# Given information:

- Opening Delimiter -

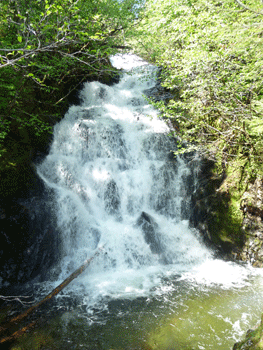 First waterfall on South Tongass Highway Alaska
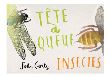 Tête à queue - Insectes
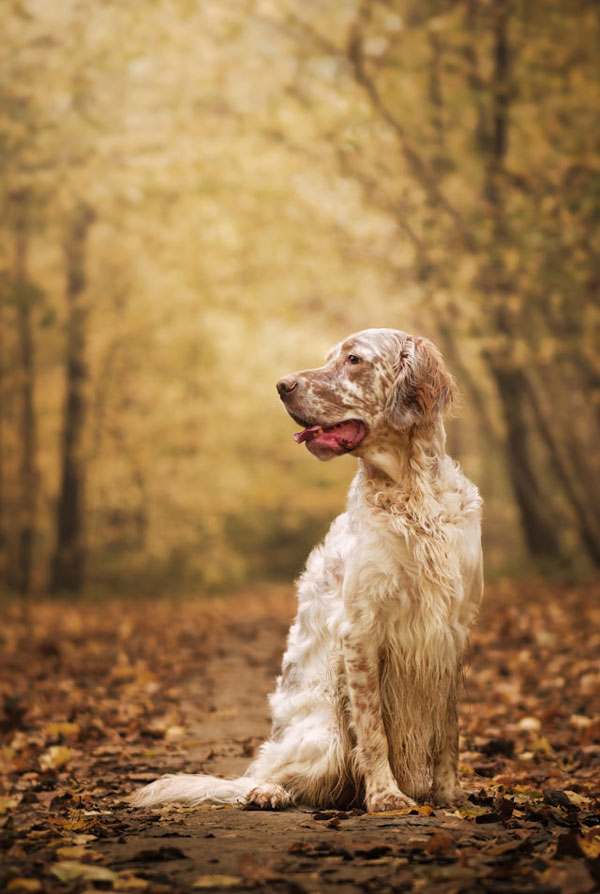 Cout d'entretien d'un Setter Anglais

- Closing Delimiter -

# Assigned task:
Retype all of the material above precisely as it reads. Pictures are not part of the copy.

# Exercise answer:
 First waterfall on South Tongass Highway Alaska
 Tête à queue - Insectes
 Cout d'entretien d'un Setter Anglais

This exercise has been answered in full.